STORED DATA.
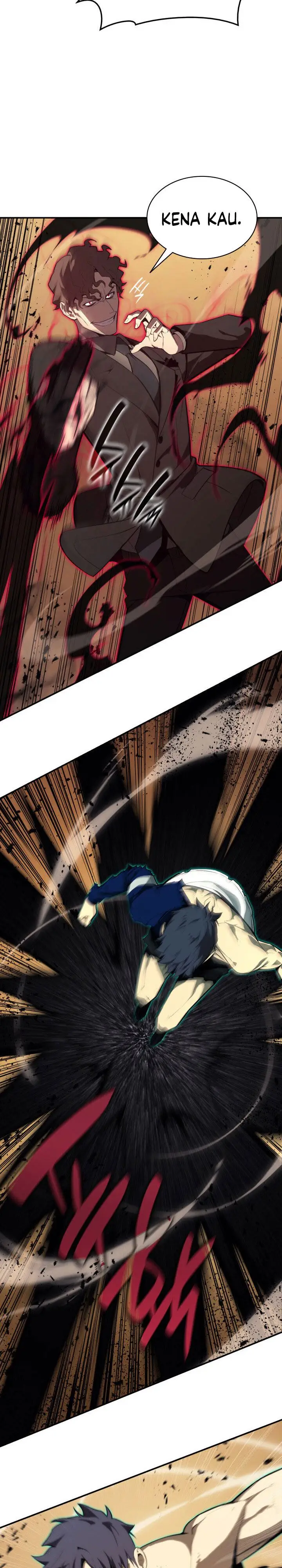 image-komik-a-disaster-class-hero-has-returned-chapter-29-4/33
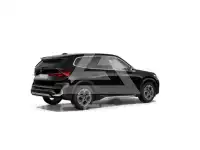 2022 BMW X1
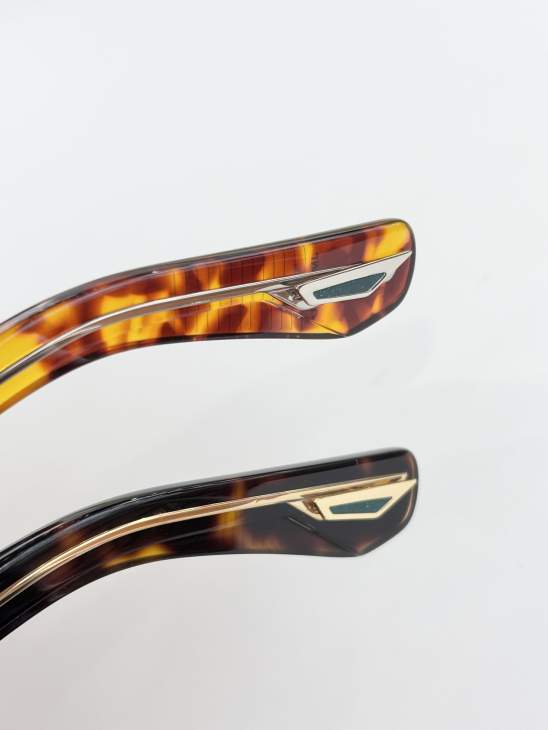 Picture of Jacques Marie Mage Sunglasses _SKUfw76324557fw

...

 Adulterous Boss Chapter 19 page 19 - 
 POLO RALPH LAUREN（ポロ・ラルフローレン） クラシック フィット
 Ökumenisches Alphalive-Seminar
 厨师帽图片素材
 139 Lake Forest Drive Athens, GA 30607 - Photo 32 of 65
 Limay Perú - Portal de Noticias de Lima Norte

ACTIVITY. Copy out exactly the lines above beginning with the line that contains "image-komik-a-disaster-class-hero-has-returned-chapter-29-4/33" and finishing with the line that contains "Picture of Jacques", including both; leave the pictures out.

SOLUTION TO THE PROBLEM.
 image-komik-a-disaster-class-hero-has-returned-chapter-29-4/33
 2022 BMW X1
 Picture of Jacques Marie Mage Sunglasses _SKUfw76324557fw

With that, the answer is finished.